Telephone customers encountered telephone problems on October 19. Calls from SFR to Orange and Sosh lines were unsuccessful and gave the impression that the number had not been assigned. It is now resolved.
Things are back to normal between Orange and SFR. Telephone calls, which were unable to pass from one operator to another on the morning of Tuesday, October 19, are again possible. This is what the incumbent operator said in a message posted on Twitter at the start of the afternoon. However, some mobile users could still have occasional problems.
“The incident that disrupted certain communications is over. Traffic has returned to normal and we remain vigilant. Orange renews its apologies to customers who have been impacted,” wrote Orange. An hour earlier, the company, after admitting the existence of a concern, indicated on the same Twitter account that its teams were on hand to restore calls from SFR to Orange.
Numerama was able to directly observe the restoration of the service with the editorial staff's own numbers. A colleague with a mobile number at SFR made a phone call to two numbers, one at Orange, the other at Sosh (which is the low-cost subsidiary of the incumbent operator), without worry. This morning, it was not possible: we had received a message stating that the numbers were not allocated.
It was in the middle of the morning that social networks began to buzz with rumors about difficulties in routing calls between SFR and Orange. Several messages on Twitter bear witness to this. A similar observation could be made at Humanoid, the company that publishes Numerama. However, the problem was relatively contained: not all operators were affected.
“Who has Orange for mobile calls? A priori a breakdown, many subscribers are no longer reachable: 'the requested number is no longer assigned'”, testified Elsa on Twitter. She specified that she had contacted customer service, which had at that time confirmed to her a “general breakdown” being processed. In response to his message, other Internet users had reported a similar concern.

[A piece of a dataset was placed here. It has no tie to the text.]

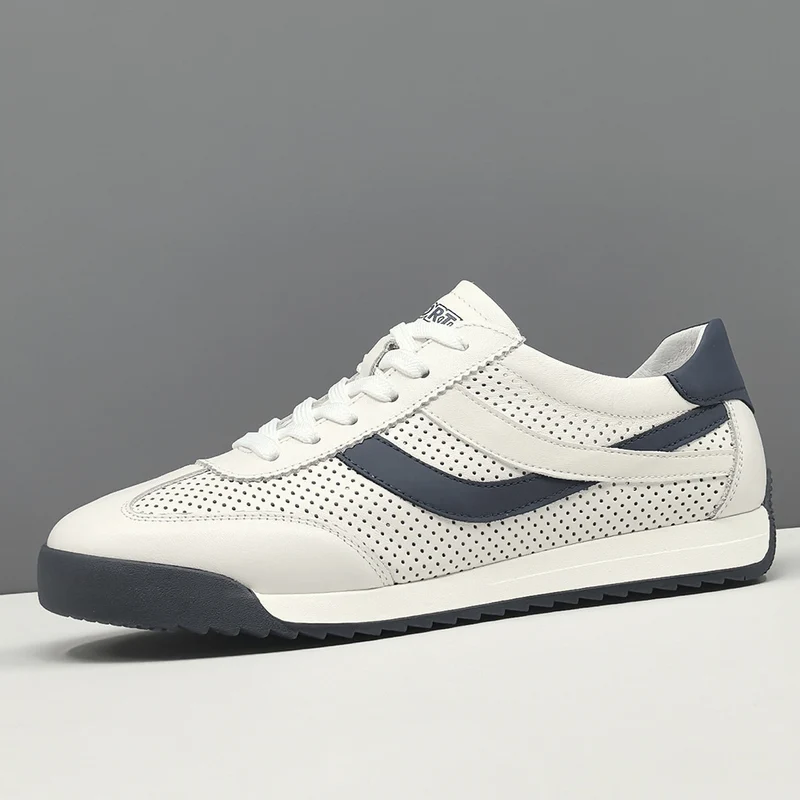 Men Fashion Hollow Leather Flat Casual Sneakers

On DownDetector, a site dedicated to listing outages, a peak of reports concerning Orange began to emerge shortly after 10 a.m. and then peaked around 11:30 a.m. A decrease was then observed. In all, hundreds of notifications were sent to the platform. A similar observation could be made for the pages dedicated to SFR and Sosh.

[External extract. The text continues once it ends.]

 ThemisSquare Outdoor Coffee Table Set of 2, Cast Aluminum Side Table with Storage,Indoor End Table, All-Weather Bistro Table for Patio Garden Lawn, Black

The problem affected both landlines and mobile numbers. More specifically, it arose during calls from SFR and, more rarely, during calls from landlines to Orange mobile lines. A collaborator at Humanoid had been able to join the assistance of Sosh and obtain additional explanations on the nature of the problem.
“It is following portability, SFR blocks calls received from its lines to your number”, was it explained. Relaunched to find out if it only affected SFR, the interlocutor confirmed: “It is a blockage during portability, at the level of the inter-operator cell.” On social networks, Orange began to communicate about the incident, via an account dedicated to after-sales service, before reporting it more widely via its main account.
Portability refers to a mechanism that allows you to keep your mobile phone number when changing operator. It is a procedure which is now well anchored in the landscape of mobile telephony in France and which avoids having to renew its 06 (or 07) as soon as one wants to play the competition. Without portability, the market would be frozen. Or hellish.